RIVISTA ITALIANA DIFESA
La Turchia contro ISIL? 02/10/2014 | Giuliano Da Frè

L’entrata in scena della Turchia nel conflitto contro il Califfato siro-iracheno, potrebbe rappresentare una svolta importante. Efficienti, numerose e ben equipaggiate, le Forze Armate turche contano su ottime tradizioni e su una buona conoscenza del territorio, dove dagli anni ’80 hanno operato nell’attività contro-insurrezionale ai danni del PKK curdo (anche oltrepassando il confine iracheno, in base a un accordo col regime di Saddam Hussein), o fronteggiato l’ostilità siriana, rinfocolatasi nel 2012. Innanzitutto, Ankara può contribuire alle operazioni aeree con una flotta incentrata su quasi 250 moderni (o modernizzati) F-16C/D multiruolo, e 2 squadron di F-4E PHANTOM aggiornati allo standard TERMINATOR 2000 per azioni d’attacco in profondità, e armati con PAVEWAY II, JDAM, MAVERICK e AGM-154 JSOW. Una forza d’attacco, condotta da piloti addestrati secondo i criteri NATO e già spesso impiegata dopo il 2007 in raid contro il PKK in Iraq, che viene supportata da ricognitori (RF-4 e UAV), 2 aerei per il controllo dello spazio aereo Boeing 737AEW&C, velivoli da guerra elettronica CN-235EW, oltre alle aerocisterne KC-135, che possono integrare l’impiego di basi avanzate come Malatya/Erhac e Dyarbakir, dove si trovano squadron da attacco su F-16 e F-4-2000 (sede di un reparto UAV), e Incirlik.

Da Ankara però ci si aspetta soprattutto l’impiego della sua solida fanteria – i famosi “scarponi sul terreno” -, anche se i 10.000 uomini appoggiati da decine di mezzi corazzati e tank dispiegati lungo il confine siriano (già “intaccato” da qualche colpo sparato da miliziani dell’ISIL, compreso un mortaio che ha provocato 3 feriti), per ora dovrebbero limitarsi a coprire la frontiera e i campi profughi che ospitano 160.000 rifugiati, ed eventualmente superarla per creare una “zona cuscinetto”. Un’opzione peraltro già pianificata all’epoca dei pesanti incidenti di frontiera con l’Esercito Siriano, nel 2012, e che verrebbe integrata da analoghi interventi in Iraq.
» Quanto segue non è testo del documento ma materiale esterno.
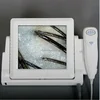 AYJ-J015 boxy lcd monitor skin scope analyzer / hair skin analyzer magnifier from china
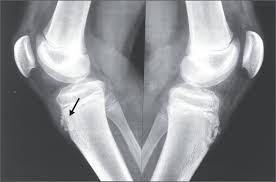 Osgood Schlatter Disease Nejm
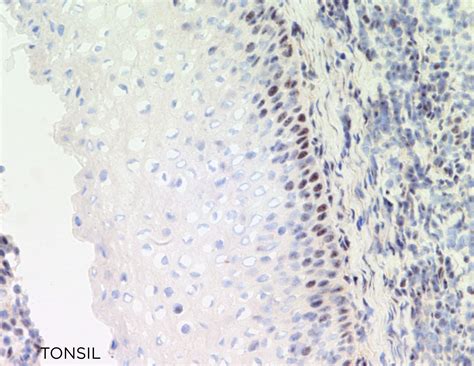 E4F1 Mouse Monoclonal Clone 272G EuroMAbNet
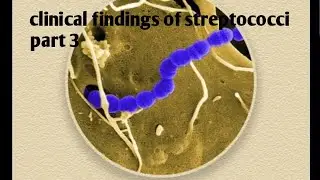 Clinical findings of streptococci | part 3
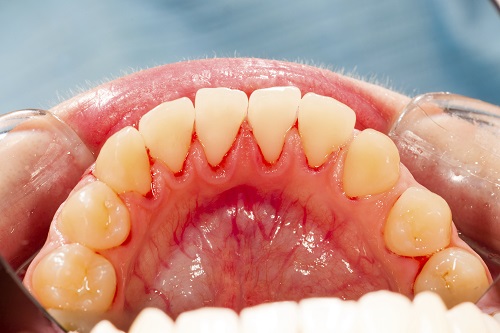 What are the Root Causes of Gum Disease?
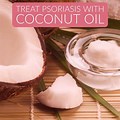 Coconut Oil Psoriasis Treatment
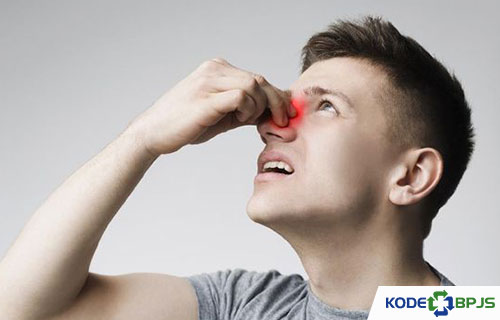 Kode ICD 10 Sinusitis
D’altra parte, Ankara ha già spedito 60 incursori in Siria, nell’enclave di Suleiman Shah, il mausoleo del fondatore dell’impero ottomano sotto sovranità turca dal 1921, e assediata dai miliziani dell’ISIL (e un perfetto casus belli che compatterebbe anche i nazionalisti turchi ostili a Erdogan).

Nella zona è presente il 7° Corpo di Diyarbakir (II Armata), che presso la frontiera siriana dispiega le brigate 70ª e 16ª, entrambe meccanizzate, mentre eventuali operazioni in zone montagnose potrebbero essere effettuate dalla Brigata da montagna di stanza ad Hakkari. Reparti non solo rinforzabili con unità di commando e paracadutisti, ma anche supportati dai locali comandi di artiglieria e da un gruppo di aviazione leggera dell’Esercito, il 7° (sempre a Diyarbakir). Tutte unità che contano su sistemi d’arma moderni o aggiornati dall’efficiente apparato industrial-militare nazionale, come i già testati semoventi da 155 mm FIRTINA, carri LEOPARD 2 e SABRA caratterizzati da upgrade destinati ad affrontare anche minacce asimmetriche (mentre più vulnerabili sono IFV/APC, nonostante la recente entrata in servizio di mezzi MRAP e 8x8 PARS) e una numerosa flotta di elicotteri che comprende BLACK HAWK per il trasporto e SUPERCOBRA da attacco, e i primi nuovissimi T-129 italo-turchi, con 9 esemplari consegnati nel 2014.